• Dataset extract

<<<<

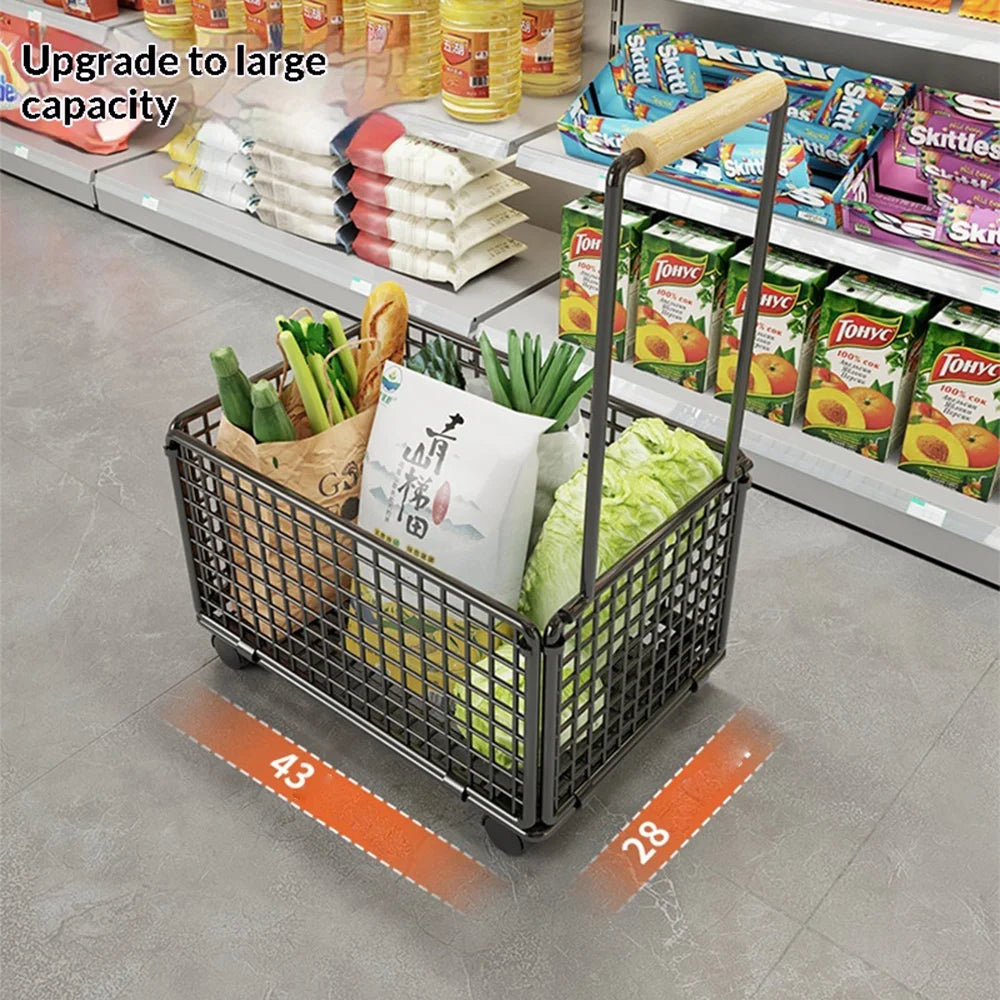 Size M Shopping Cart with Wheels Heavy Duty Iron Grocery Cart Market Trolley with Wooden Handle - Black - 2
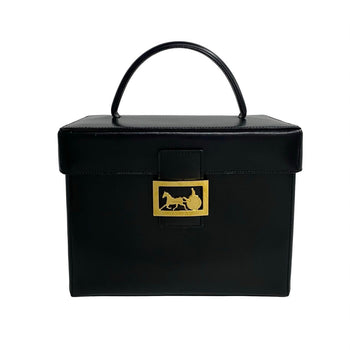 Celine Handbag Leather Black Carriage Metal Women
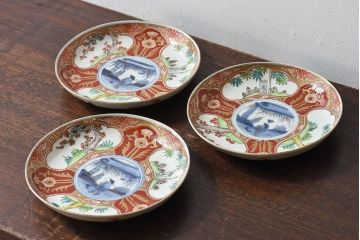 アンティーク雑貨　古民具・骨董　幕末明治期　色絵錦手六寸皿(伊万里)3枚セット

>>>>
<<<<

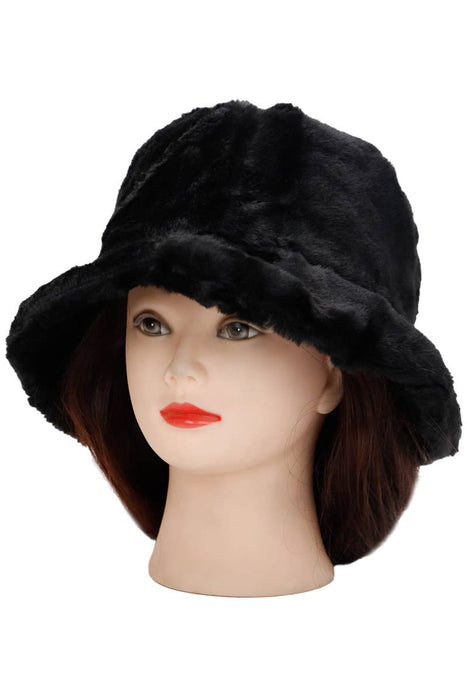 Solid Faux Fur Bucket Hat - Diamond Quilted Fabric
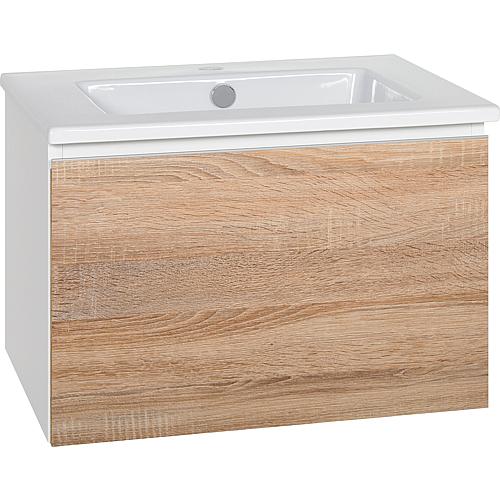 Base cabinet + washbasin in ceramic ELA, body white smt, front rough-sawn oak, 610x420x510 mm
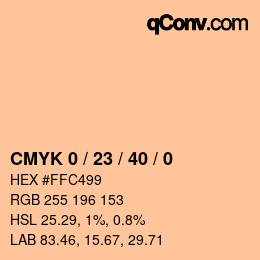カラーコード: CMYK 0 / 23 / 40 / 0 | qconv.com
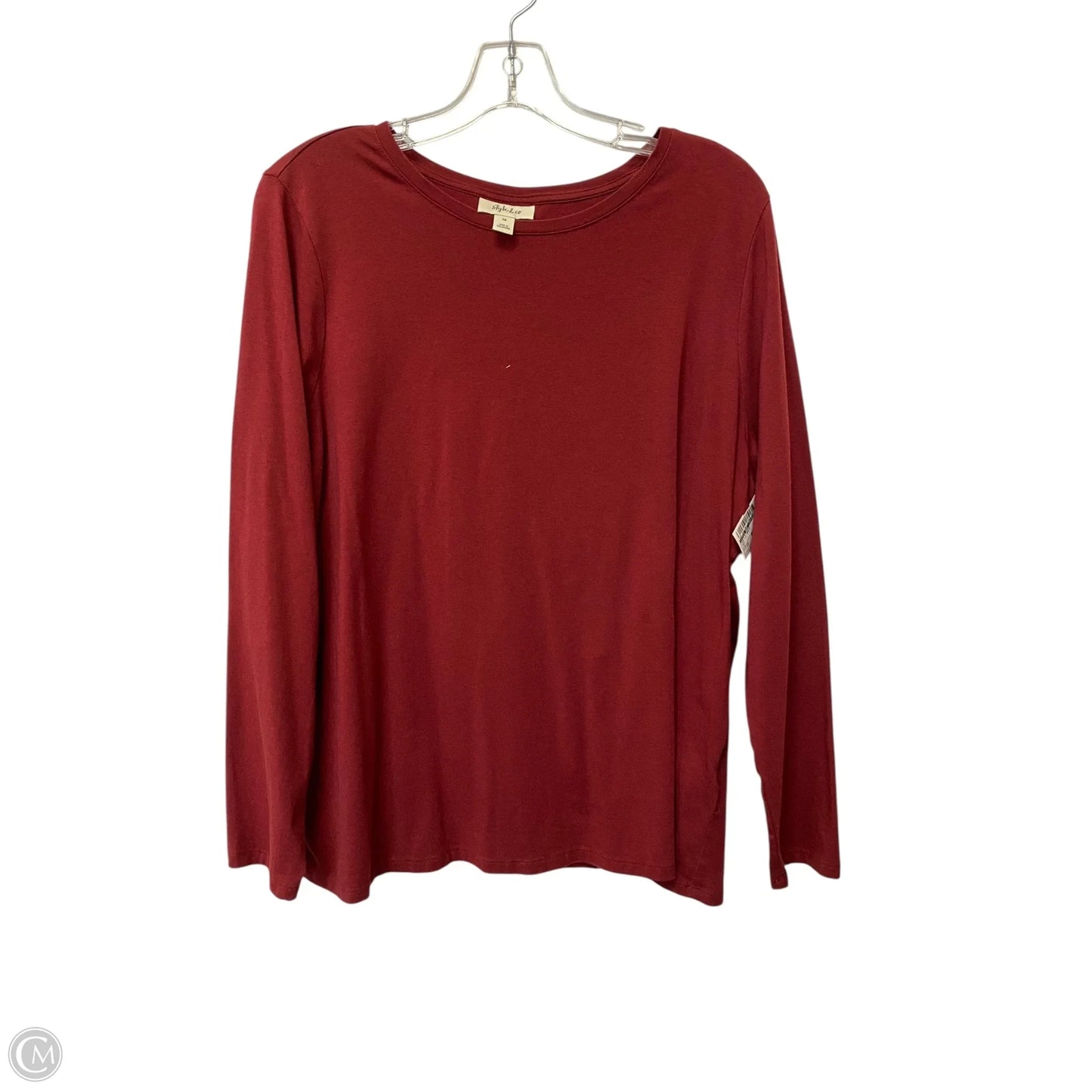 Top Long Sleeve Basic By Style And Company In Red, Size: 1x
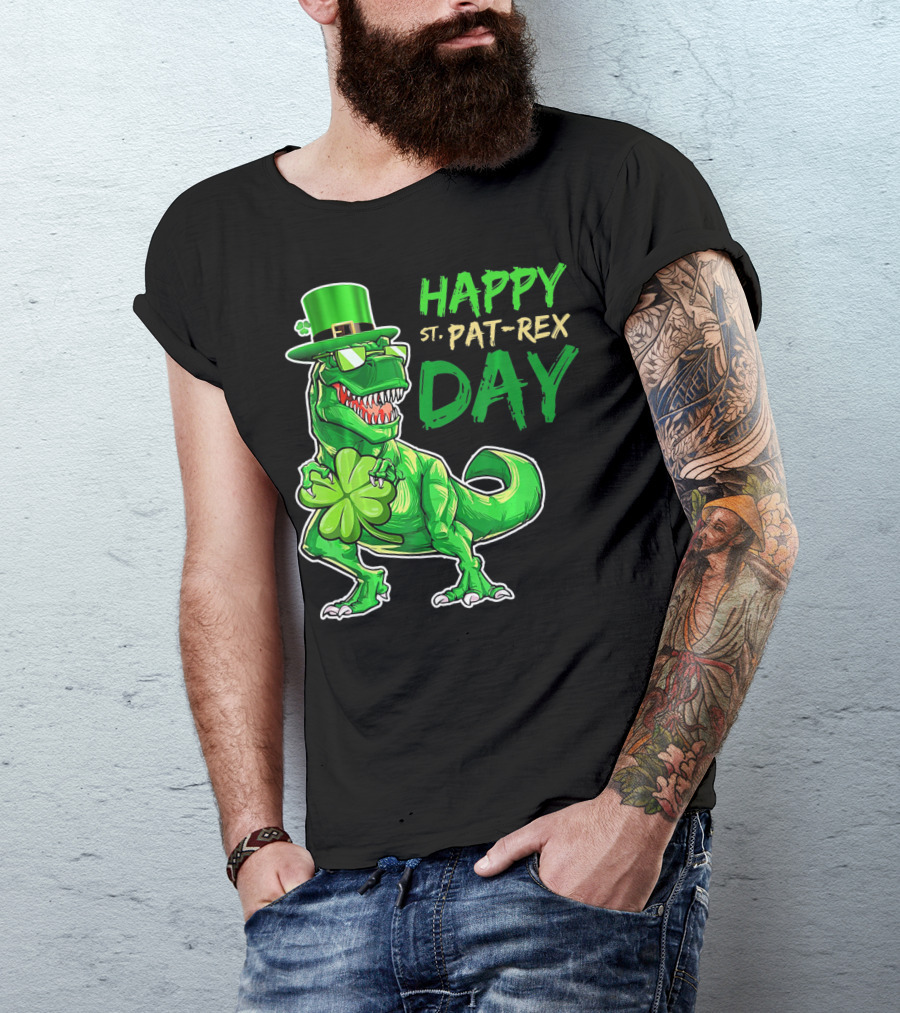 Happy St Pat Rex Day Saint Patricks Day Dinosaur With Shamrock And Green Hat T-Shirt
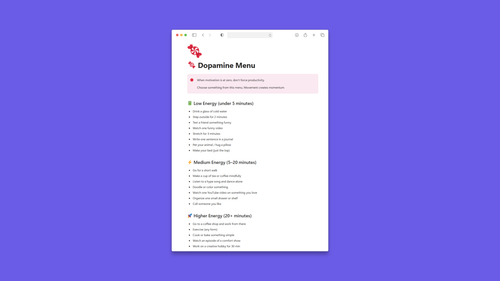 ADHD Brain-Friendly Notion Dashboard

>>>>

• Problem
After locating the line containing "カラーコード: CMYK 0 / 23 / 40 / 0 | qconv.com" in the entries above, return it and every line after it exactly, ending at the line containing "ADHD Brain-Friendly Notion Dashboard", without pictures.

• Answer to this problem
カラーコード: CMYK 0 / 23 / 40 / 0 | qconv.com
 Top Long Sleeve Basic By Style And Company In Red, Size: 1x
 Happy St Pat Rex Day Saint Patricks Day Dinosaur With Shamrock And Green Hat T-Shirt
 ADHD Brain-Friendly Notion Dashboard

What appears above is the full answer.